AIM OF THE TASK:
Until the line containing "CAJA DE CARTÓN" has been reproduced, keep reproducing each line of the material below exactly, starting with the first.

MATERIAL SUPPLIED:

::::::::::

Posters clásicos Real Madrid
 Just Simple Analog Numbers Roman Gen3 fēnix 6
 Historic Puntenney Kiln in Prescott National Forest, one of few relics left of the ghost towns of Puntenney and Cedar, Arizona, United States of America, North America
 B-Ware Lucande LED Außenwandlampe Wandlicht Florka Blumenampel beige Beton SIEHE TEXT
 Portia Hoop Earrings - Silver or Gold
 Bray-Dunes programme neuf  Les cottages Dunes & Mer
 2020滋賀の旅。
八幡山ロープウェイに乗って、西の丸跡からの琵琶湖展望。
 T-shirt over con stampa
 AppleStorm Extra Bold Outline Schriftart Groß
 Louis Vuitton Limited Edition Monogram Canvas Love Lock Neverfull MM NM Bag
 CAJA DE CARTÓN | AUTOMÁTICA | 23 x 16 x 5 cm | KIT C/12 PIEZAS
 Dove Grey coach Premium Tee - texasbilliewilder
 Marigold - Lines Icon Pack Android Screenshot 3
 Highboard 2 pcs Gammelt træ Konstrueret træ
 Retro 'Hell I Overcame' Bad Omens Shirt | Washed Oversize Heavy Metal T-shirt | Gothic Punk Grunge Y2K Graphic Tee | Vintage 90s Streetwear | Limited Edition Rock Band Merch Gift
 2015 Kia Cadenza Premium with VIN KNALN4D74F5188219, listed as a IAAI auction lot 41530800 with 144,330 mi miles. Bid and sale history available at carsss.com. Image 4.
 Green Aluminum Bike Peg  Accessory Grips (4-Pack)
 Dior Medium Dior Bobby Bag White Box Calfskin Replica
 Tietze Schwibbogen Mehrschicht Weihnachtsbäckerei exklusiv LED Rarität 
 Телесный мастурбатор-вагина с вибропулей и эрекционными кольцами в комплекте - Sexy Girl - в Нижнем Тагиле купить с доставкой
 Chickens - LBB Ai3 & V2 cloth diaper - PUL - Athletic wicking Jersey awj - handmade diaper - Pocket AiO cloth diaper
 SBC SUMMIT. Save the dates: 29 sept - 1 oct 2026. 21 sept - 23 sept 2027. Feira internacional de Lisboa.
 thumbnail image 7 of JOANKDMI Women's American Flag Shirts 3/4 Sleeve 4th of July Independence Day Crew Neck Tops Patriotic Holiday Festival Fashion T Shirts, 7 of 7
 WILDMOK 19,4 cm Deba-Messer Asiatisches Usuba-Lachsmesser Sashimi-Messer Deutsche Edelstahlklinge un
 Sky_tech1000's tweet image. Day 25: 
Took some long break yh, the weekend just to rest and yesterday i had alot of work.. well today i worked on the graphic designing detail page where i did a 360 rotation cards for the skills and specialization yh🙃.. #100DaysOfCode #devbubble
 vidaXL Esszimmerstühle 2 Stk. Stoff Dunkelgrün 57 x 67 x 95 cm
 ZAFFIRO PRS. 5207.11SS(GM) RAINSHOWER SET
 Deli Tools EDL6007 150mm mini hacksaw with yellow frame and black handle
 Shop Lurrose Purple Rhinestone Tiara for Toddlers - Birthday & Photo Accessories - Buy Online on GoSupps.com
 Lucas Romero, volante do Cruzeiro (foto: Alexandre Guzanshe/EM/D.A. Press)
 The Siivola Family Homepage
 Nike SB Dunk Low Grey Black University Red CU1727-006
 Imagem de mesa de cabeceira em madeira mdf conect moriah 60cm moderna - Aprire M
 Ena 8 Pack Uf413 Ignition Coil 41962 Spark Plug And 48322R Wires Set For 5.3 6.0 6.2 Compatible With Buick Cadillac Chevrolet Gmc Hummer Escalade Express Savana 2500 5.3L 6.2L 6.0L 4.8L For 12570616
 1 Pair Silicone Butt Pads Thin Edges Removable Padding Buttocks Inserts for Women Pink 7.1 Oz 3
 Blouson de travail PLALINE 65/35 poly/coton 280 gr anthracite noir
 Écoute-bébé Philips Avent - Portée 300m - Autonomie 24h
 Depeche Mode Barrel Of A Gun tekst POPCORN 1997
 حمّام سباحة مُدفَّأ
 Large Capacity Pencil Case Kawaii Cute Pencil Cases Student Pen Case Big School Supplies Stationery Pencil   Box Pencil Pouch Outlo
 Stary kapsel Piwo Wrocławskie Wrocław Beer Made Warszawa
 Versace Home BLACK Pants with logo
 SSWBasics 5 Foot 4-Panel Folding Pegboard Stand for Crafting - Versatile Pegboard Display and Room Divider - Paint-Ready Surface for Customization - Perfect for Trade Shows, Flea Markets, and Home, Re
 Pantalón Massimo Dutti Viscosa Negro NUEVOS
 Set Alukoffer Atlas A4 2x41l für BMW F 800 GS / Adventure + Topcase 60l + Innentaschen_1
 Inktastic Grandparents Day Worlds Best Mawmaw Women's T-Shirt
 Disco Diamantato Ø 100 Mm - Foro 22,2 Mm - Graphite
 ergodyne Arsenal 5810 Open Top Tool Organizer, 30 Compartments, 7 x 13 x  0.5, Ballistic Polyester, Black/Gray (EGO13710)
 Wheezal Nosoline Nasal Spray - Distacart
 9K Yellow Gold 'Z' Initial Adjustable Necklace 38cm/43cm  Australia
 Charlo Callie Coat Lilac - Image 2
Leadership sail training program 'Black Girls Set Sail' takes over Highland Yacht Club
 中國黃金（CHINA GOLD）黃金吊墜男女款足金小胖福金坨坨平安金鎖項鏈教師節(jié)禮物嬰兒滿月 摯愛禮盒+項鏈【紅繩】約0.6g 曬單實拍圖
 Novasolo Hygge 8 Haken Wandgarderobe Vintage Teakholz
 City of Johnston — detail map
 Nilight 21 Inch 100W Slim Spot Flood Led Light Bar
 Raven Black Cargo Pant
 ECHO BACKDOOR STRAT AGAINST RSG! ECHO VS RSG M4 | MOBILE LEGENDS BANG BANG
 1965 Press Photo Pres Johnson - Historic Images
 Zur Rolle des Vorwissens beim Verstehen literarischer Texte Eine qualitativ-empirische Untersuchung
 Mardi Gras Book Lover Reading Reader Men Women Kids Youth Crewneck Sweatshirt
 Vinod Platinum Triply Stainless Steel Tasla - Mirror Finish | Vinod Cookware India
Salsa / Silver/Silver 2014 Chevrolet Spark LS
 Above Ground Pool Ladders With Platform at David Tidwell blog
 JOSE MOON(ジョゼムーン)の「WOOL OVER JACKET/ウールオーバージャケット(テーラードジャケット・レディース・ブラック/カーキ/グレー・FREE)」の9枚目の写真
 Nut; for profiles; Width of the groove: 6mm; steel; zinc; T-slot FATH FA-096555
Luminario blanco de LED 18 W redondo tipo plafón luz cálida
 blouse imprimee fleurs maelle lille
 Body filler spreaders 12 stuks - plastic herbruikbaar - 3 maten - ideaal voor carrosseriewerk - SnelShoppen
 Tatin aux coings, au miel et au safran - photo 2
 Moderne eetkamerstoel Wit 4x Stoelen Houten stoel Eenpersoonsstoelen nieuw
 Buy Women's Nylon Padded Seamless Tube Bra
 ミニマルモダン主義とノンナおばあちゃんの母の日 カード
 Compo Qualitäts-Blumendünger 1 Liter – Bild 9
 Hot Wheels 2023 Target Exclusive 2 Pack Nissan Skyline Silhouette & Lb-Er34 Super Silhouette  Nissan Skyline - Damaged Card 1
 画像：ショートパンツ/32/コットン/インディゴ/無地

::::::::::

SOLUTION TO THE EXERCISE:
Posters clásicos Real Madrid
 Just Simple Analog Numbers Roman Gen3 fēnix 6
 Historic Puntenney Kiln in Prescott National Forest, one of few relics left of the ghost towns of Puntenney and Cedar, Arizona, United States of America, North America
 B-Ware Lucande LED Außenwandlampe Wandlicht Florka Blumenampel beige Beton SIEHE TEXT
 Portia Hoop Earrings - Silver or Gold
 Bray-Dunes programme neuf  Les cottages Dunes & Mer
 2020滋賀の旅。
八幡山ロープウェイに乗って、西の丸跡からの琵琶湖展望。
 T-shirt over con stampa
 AppleStorm Extra Bold Outline Schriftart Groß
 Louis Vuitton Limited Edition Monogram Canvas Love Lock Neverfull MM NM Bag
 CAJA DE CARTÓN | AUTOMÁTICA | 23 x 16 x 5 cm | KIT C/12 PIEZAS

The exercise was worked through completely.